La semana pasada tuve la oportunidad de comprobarlo. Esto es lo que aprendí mientras exploraba la visión del futuro de Toyota.
El futuro es seguro
Como parte de su transformación en una verdadera empresa de movilidad, Toyota aspira a convertirse en el fabricante de automóviles más seguro del mundo. La compañía dice que quiere crear una “sociedad libre de accidentes”, algo difícil de lograr considerando la cantidad de Toyota que hay actualmente en el mercado.
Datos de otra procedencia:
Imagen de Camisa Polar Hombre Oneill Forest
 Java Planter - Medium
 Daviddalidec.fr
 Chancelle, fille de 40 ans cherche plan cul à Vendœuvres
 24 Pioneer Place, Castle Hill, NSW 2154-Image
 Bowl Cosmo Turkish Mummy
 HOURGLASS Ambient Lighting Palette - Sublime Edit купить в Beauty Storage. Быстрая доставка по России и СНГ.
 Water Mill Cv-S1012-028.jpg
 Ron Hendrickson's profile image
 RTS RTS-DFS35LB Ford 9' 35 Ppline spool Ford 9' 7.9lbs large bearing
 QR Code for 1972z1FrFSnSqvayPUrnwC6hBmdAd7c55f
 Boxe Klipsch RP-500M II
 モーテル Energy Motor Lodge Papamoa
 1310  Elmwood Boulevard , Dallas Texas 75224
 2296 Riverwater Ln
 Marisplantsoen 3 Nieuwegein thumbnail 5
Ciudad tejida en un día soleado.
Crédito: Toyota
“Estadísticamente, la cantidad de vehículos autónomos que existen no es comparable a la cantidad de vehículos que Toyota tiene en el mundo”, me dijo John Absmeier, director de tecnología de Woven City. Cuando empresas como Waymo produzcan decenas de miles de vehículos, la flota autónoma de Toyota tendrá que operar con estándares mucho más altos, dijo.
Para lograr esto, Absmeier dijo que los autos Toyota requieren una conciencia mucho mayor que los sistemas internos, incluso con los sensores lidar, radar y de imágenes más avanzados del mundo. Por ejemplo, la única manera de detectar a un niño saliendo de la parte trasera de un camión, dijo, sería instalar cámaras en cada carretera para detectar peligros y estar equipadas con un sistema de alerta para el tráfico que se aproxima.
Esto es parte de la promesa de larga data de la comunicación entre vehículos y todo, y en Woven City, Toyota está tratando de hacer realidad esa idea.
El futuro es una pesadilla para la privacidad
Pero si la idea de tener cámaras en todas partes observando a todos te da que pensar, no estás solo; definitivamente me sorprendió. Conté ocho cámaras distintas en una intersección de Woven City, además de muchas más montadas en los techos de los edificios que visité. Incluso la pequeña cafetería del local tenía media docena de personas rondando por ella.